In a town hall last week, President Obama remarked that "the continuing decline in the housing market is something that hasn't bottomed out as quickly as we expected." So what's he planning to do about it? The Wall Street Journal reported Monday that the White House may have "taxpayer-owned mortgage giants Fannie Mae and Freddie Mac relax their rules for loans to investors" as one way to tackle the housing slump.
For those with short memories, Fannie, Freddie, and government policies aimed at making it easier for people to purchase homes is how the housing market wound up in its current state. And that state isn't a pretty one. In the years since housing prices peaked in the second quarter of 2007, the value of household real estate has fallen by about $6.6 trillion—30 percent—and it continues to fall.

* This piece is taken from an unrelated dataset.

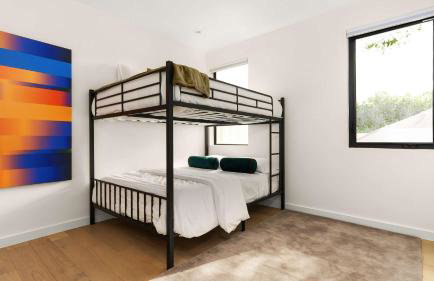 Eastside Family Luxury Retreat with Pool near Downtown - Foto 23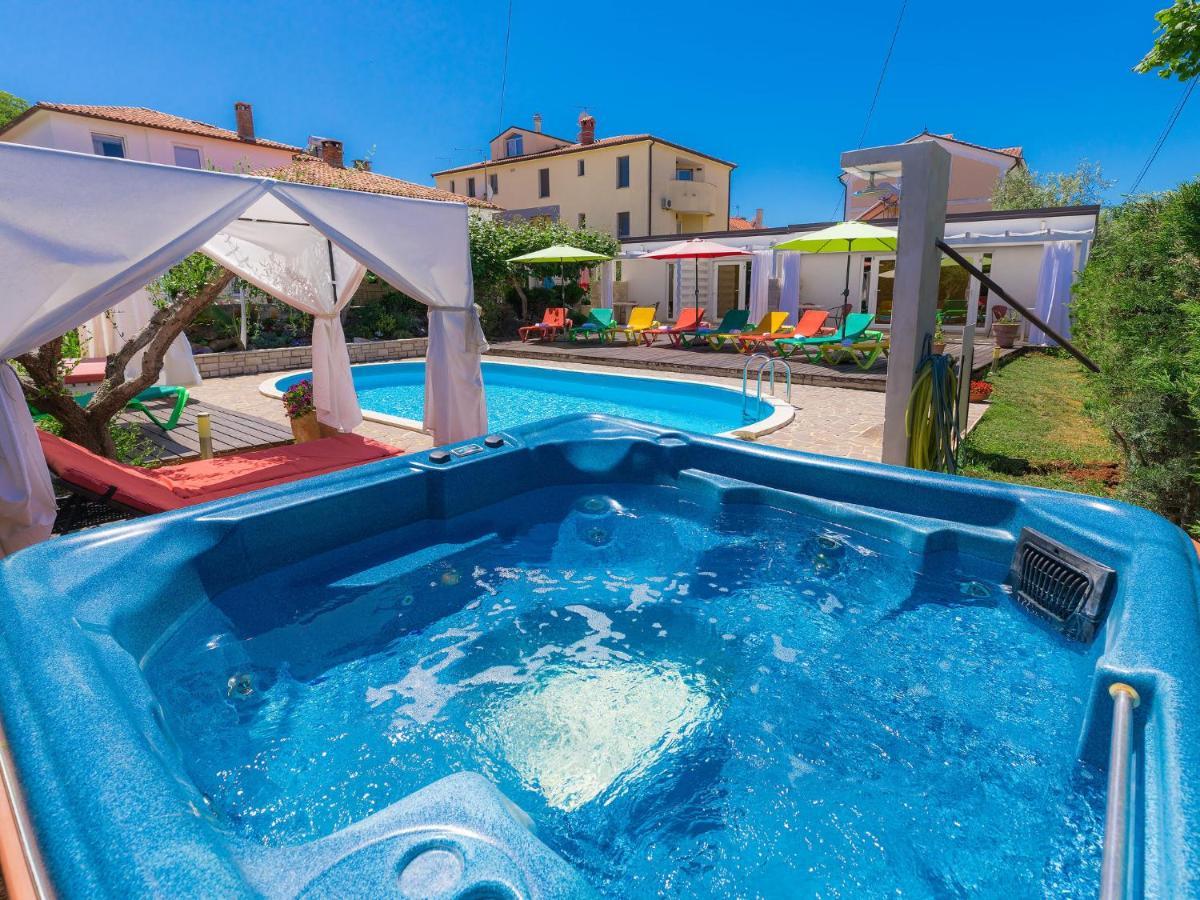 Apartment Nika-5 Umag Bagian luar foto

Housing and Urban Development Secretary Shaun Donovan takes a positive view of the market, claiming, "It's very unlikely that we will see a significant further decline." Not so fast. Bloomberg Businessweek reports today that analysts like Doug Ramsey of Minneapolis investment firm Leuthold Group take a dimmer view:
The Dow took 35 years to return to pre-crash levels. The Nikkei trades at less than a third of where it peaked 22 years ago. 'The housing decline,' he says, 'will be a long, multiyear process, and the multiplier effect across the economy will be enormous.'
How can we get back on course? The Heritage Foundation's David John writes in a new paper that "real recovery is not likely until both Fannie Mae and Freddie Mac are replaced by a new housing finance system that does not include government distortions of the market."
In his paper, John explains the evolution of Fannie and Freddie—what he calls "two stories of government programs gone wrong." Congress used the entities' special status as government-sponsored enterprises to require them to meet affordable housing goals by issuing mortgages to lower-income and moderate-income homeowners. That policy, combined with Fannie and Freddie's involvement in investing in and issuing mortgage-backed securities (including subprime mortgages), the housing market's collapse, the entities' resulting financial hardship, and the government's move to take Fannie and Freddie into conservatorship, led to a housing market nightmare.

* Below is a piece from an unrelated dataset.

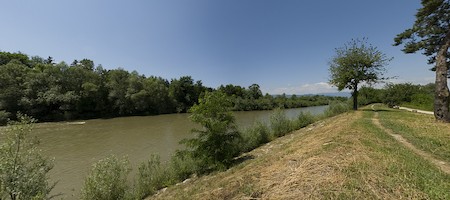 Celozaslonska prostorska slika - FULL SCREEN VR panorama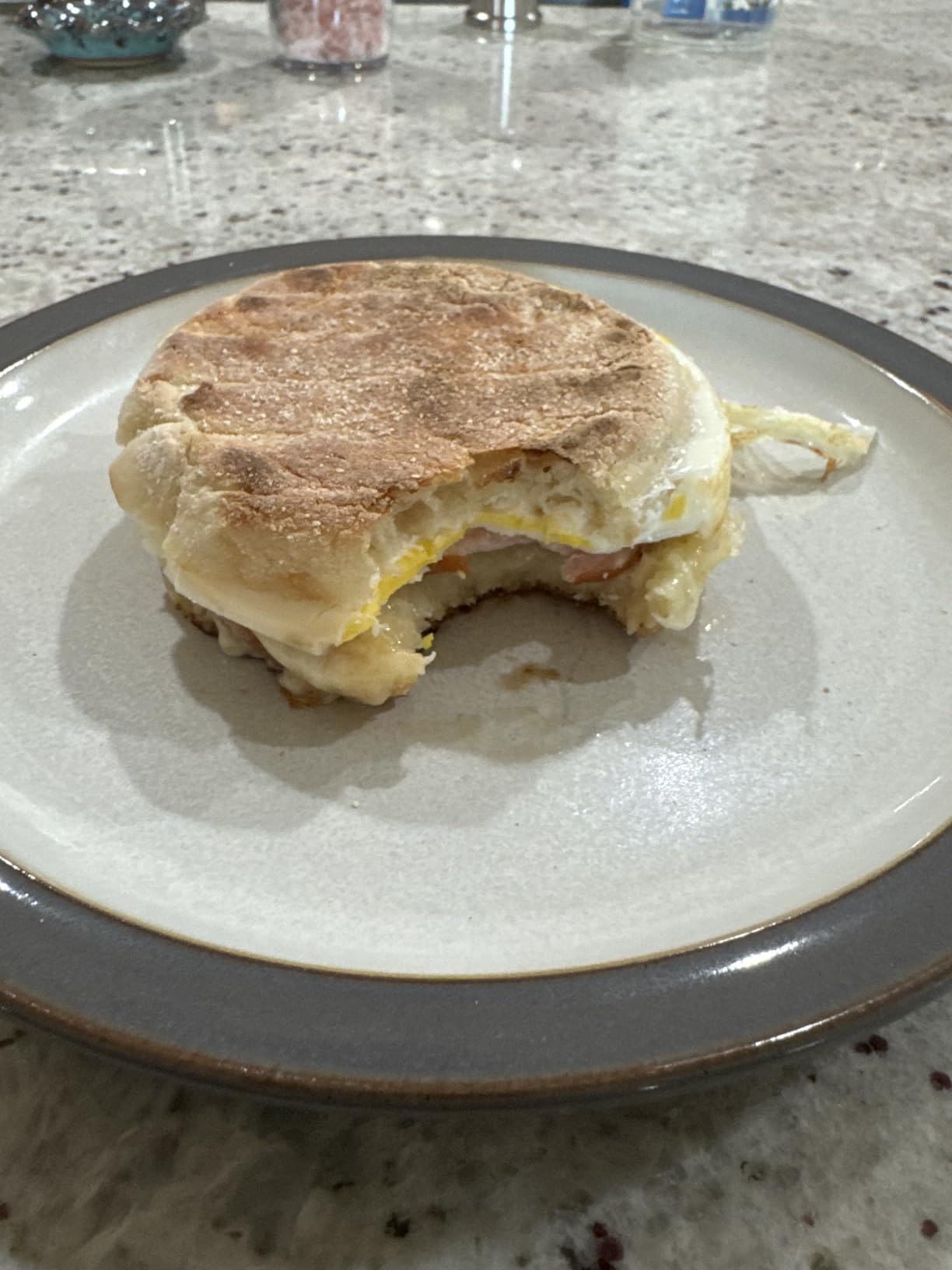 Hamilton Beach Breakfast Sandwich Maker with Egg Cooker Ring | Perfect for English Muffins, Croissants, Mini Waffles | Customizable & Fast | PFAS-Free | Silver | 25475MN customer photo 1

John says that's not a road America should go down again, and he lays out a detailed course for how Washington can gradually end Fannie and Freddie while avoiding the disruption of the housing market’s slow recovery:
As the crash of 2008 showed, the old structure of housing finance was a spectacular and expensive failure. Allowing it to remain in place—or, even worse, recreating it—is the very last thing that homeowners or taxpayers need to bequeath to future generations. Instead, both legislators and the Obama Administration should work to structure a mortgage-finance system based in the private sector that has the flexibility to meet market needs while ensuring that mortgages still meet strict underwriting standards and protecting consumers from predatory lending practices.
Yes, America's housing market is a problem. But the answer certainly is not recycling failed policies of the past. Creating Fannie and Freddie was a mistake. Now is the time to eliminate them.